** Opening Data provided block **

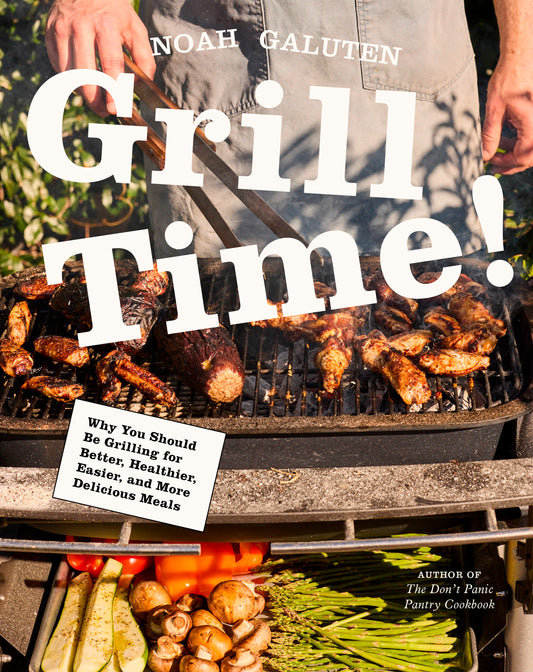 Grill Time!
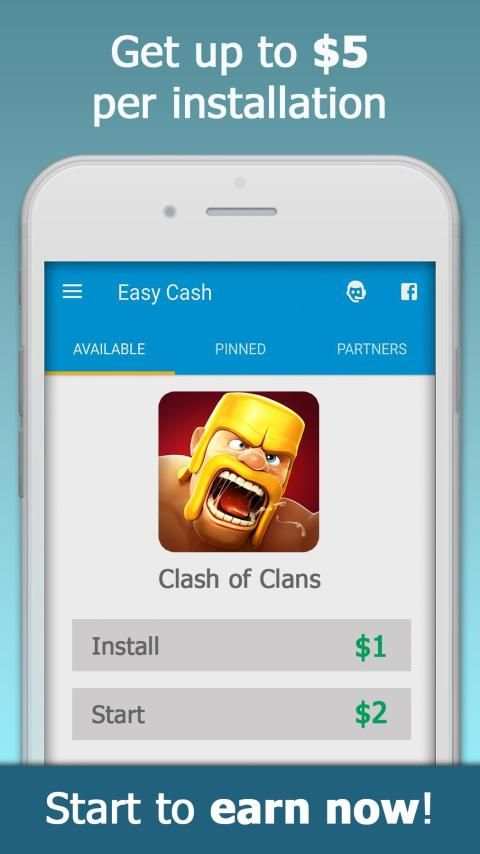 Easy Cash - Earn Money and Get Paid screenshot 3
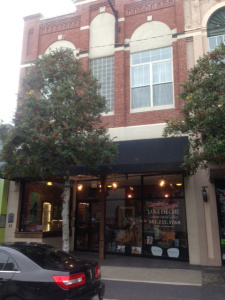 Lange Eye Care Uptown Optical Gallery and Nutrition Center.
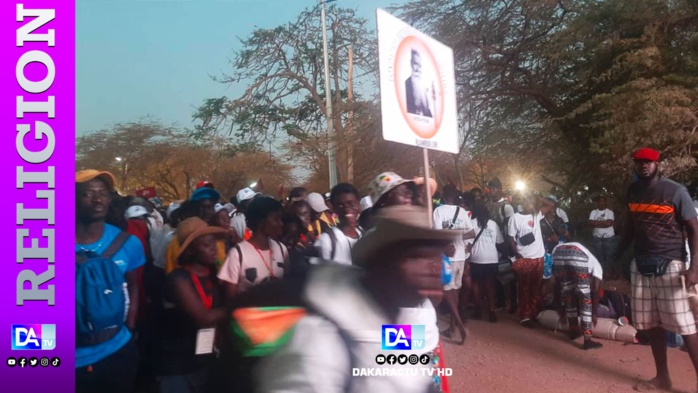 Pèlerinage Marial 2024 : Au cap des Biches, les marcheurs se disent prêts! Pèlerinage Marial 2024 : Au cap des Biches, les marcheurs se disent prêts!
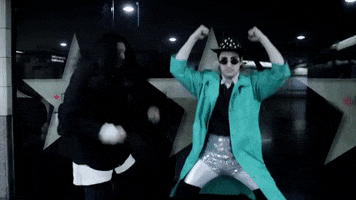 sub pop records dancing GIF by So Pitted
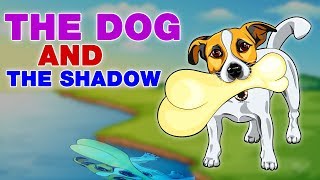 The Dog And The Shadow Short Story | Kids Moral Stories | Simba Tv | The Dog And His Shadow Story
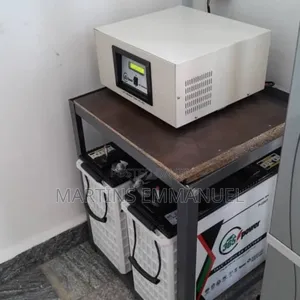 2.5kva Solar / Inverter System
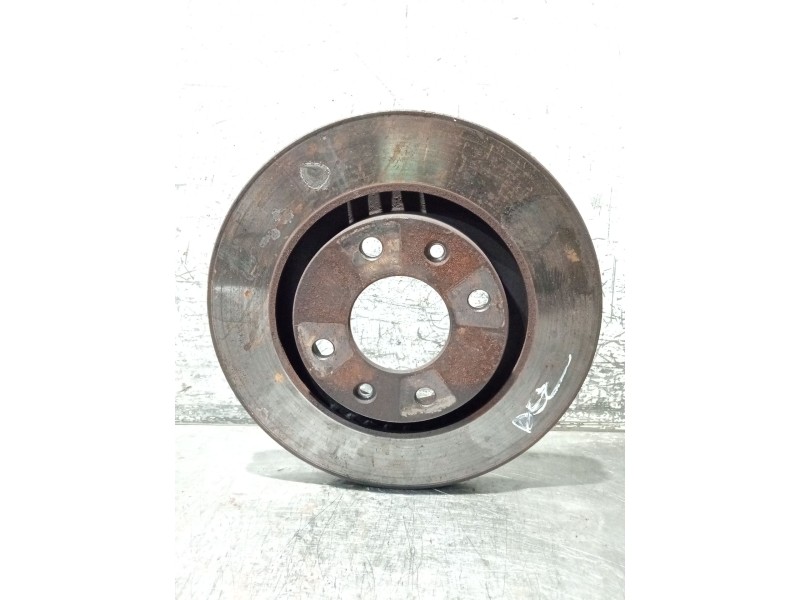 Recambio de disco freno delantero para citroën xsara (n1) 1.6 16v referencia OEM IAM   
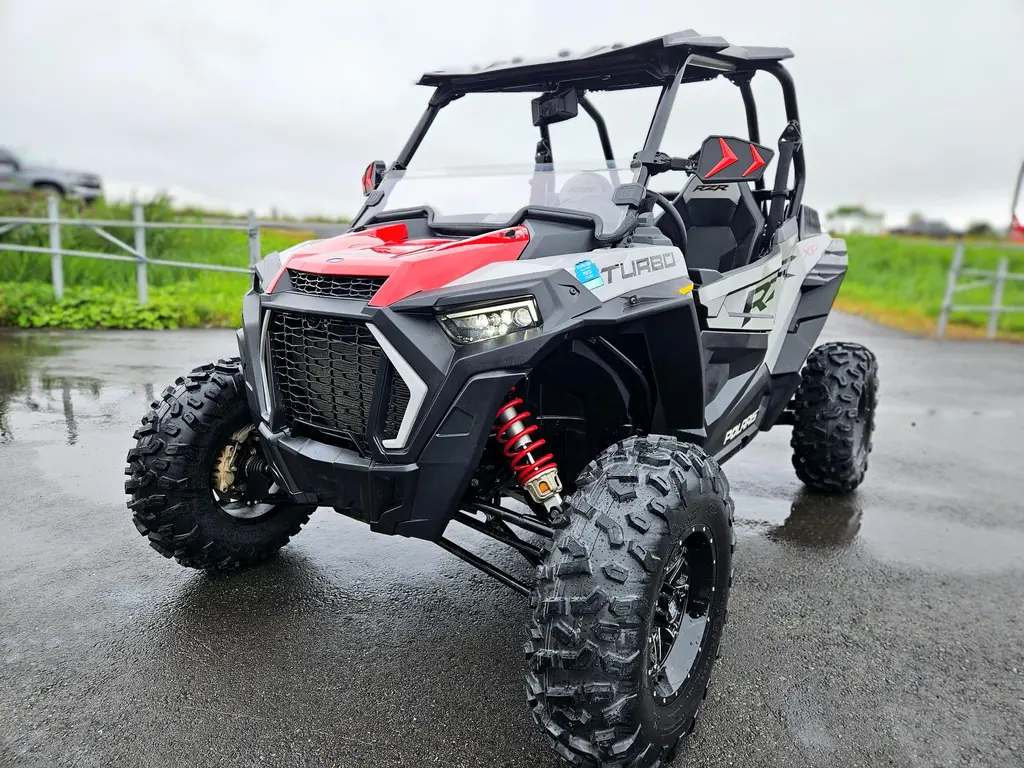 2021 Polaris RZR XP1000 TURBO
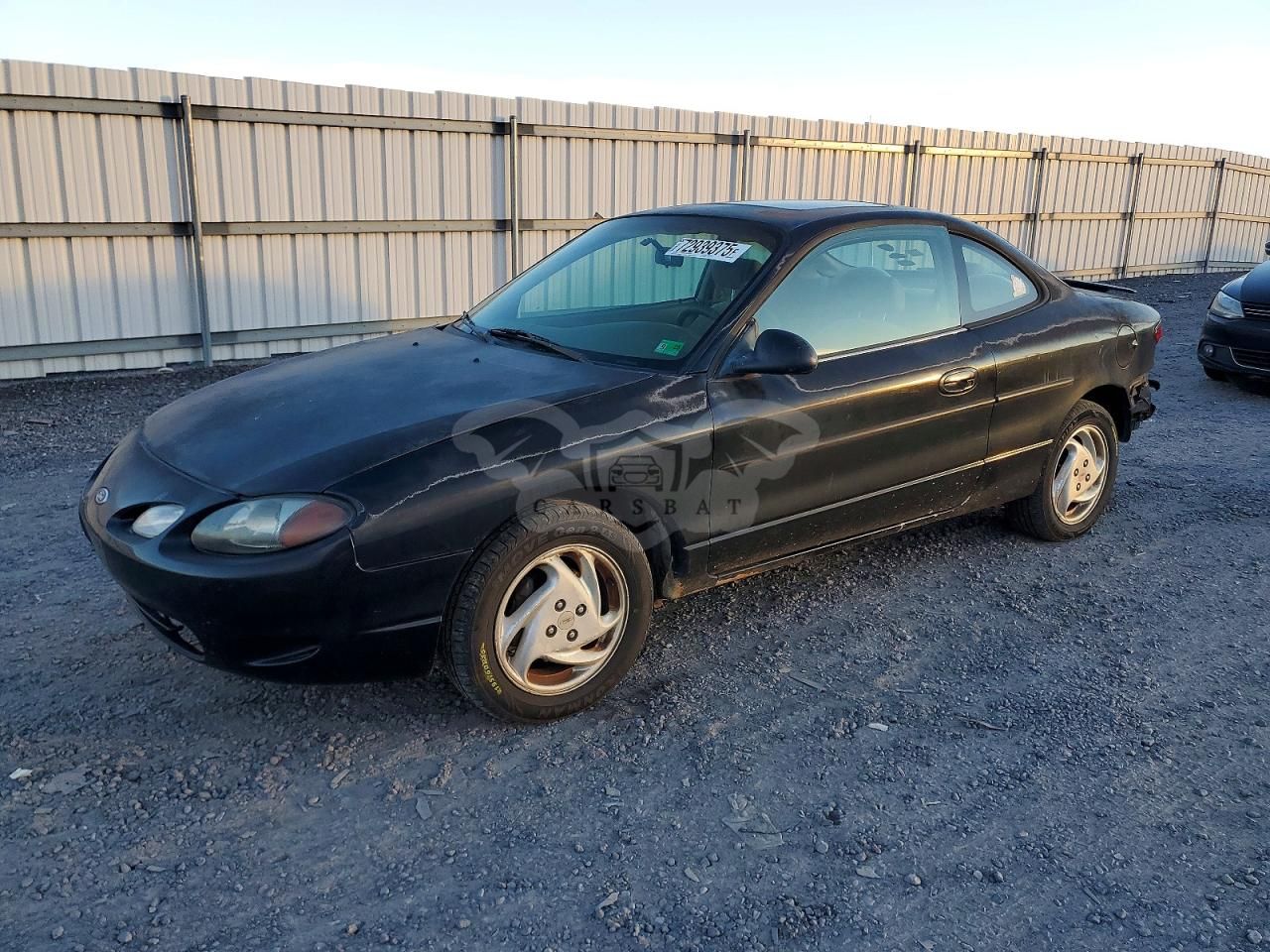 Ford Escort ZX2 2.0L 4 1999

** Closing Data provided block **

Exercise directions
Once the line containing "sub pop records dancing GIF by So Pitted" is found, transcribe it and every line after it to the end of the records, exactly and with no pictures.

Result for this task
 sub pop records dancing GIF by So Pitted
 The Dog And The Shadow Short Story | Kids Moral Stories | Simba Tv | The Dog And His Shadow Story
 2.5kva Solar / Inverter System
 Recambio de disco freno delantero para citroën xsara (n1) 1.6 16v referencia OEM IAM   
 2021 Polaris RZR XP1000 TURBO
 Ford Escort ZX2 2.0L 4 1999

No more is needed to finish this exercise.